-- EXCERPTED RECORDS follows --

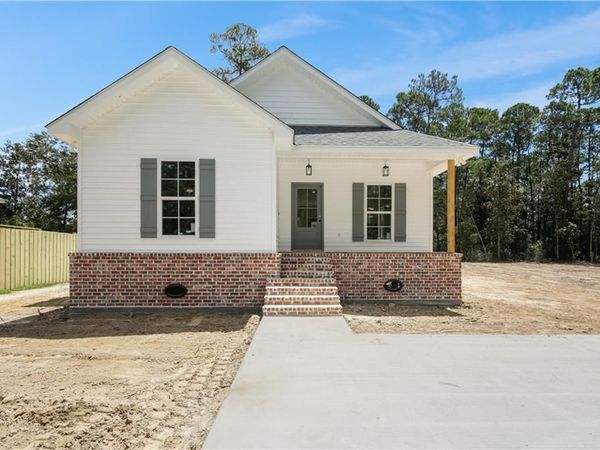 61052 N MILL Road, Lacombe, LA 70445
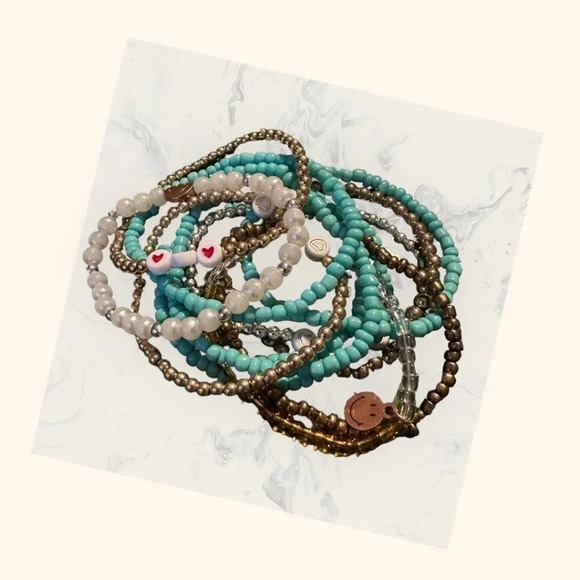 5/$20 Bundle of 12 Stretch Bracelets - Picture 2 of 2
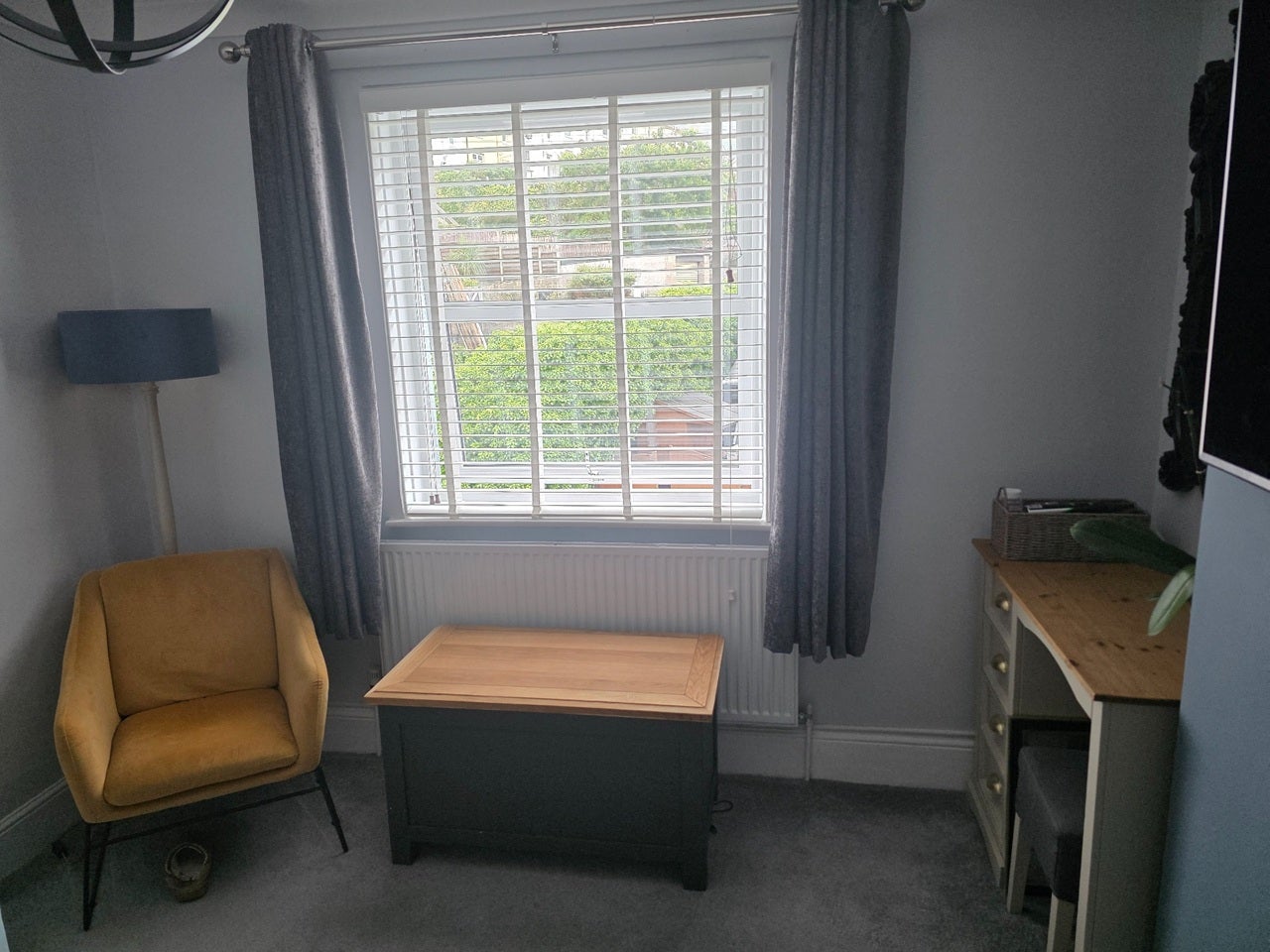 Room Lower Ellacombe Church Road in Torquay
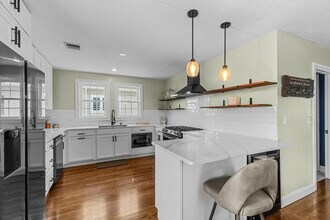 47 Oldfields Rd in Boston, MA - Building Photo - Building Photo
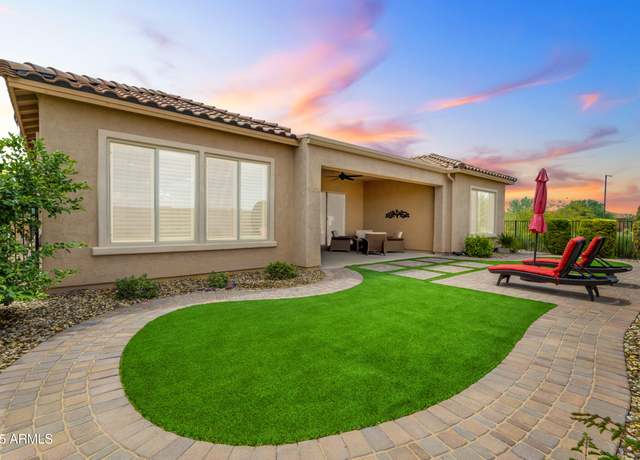 Property at 5942 W Cactus Wren Way, Florence, AZ 85132, 4 beds, 2.5 baths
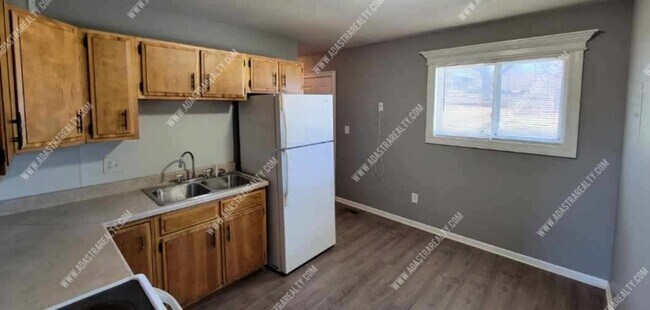 Building Photo - Remodeled Duplex in Independence-Available...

-- EXCERPTED RECORDS concluded --

WHAT YOU WILL DO >>
All that belongs in the answer is the lines from the line with "5/$20 Bundle of" through the closing line of the entries, inclusive, transcribed exactly and free of pictures.

SOLVED PROBLEM >>
 5/$20 Bundle of 12 Stretch Bracelets - Picture 2 of 2
 Room Lower Ellacombe Church Road in Torquay
 47 Oldfields Rd in Boston, MA - Building Photo - Building Photo
 Property at 5942 W Cactus Wren Way, Florence, AZ 85132, 4 beds, 2.5 baths
 Building Photo - Remodeled Duplex in Independence-Available...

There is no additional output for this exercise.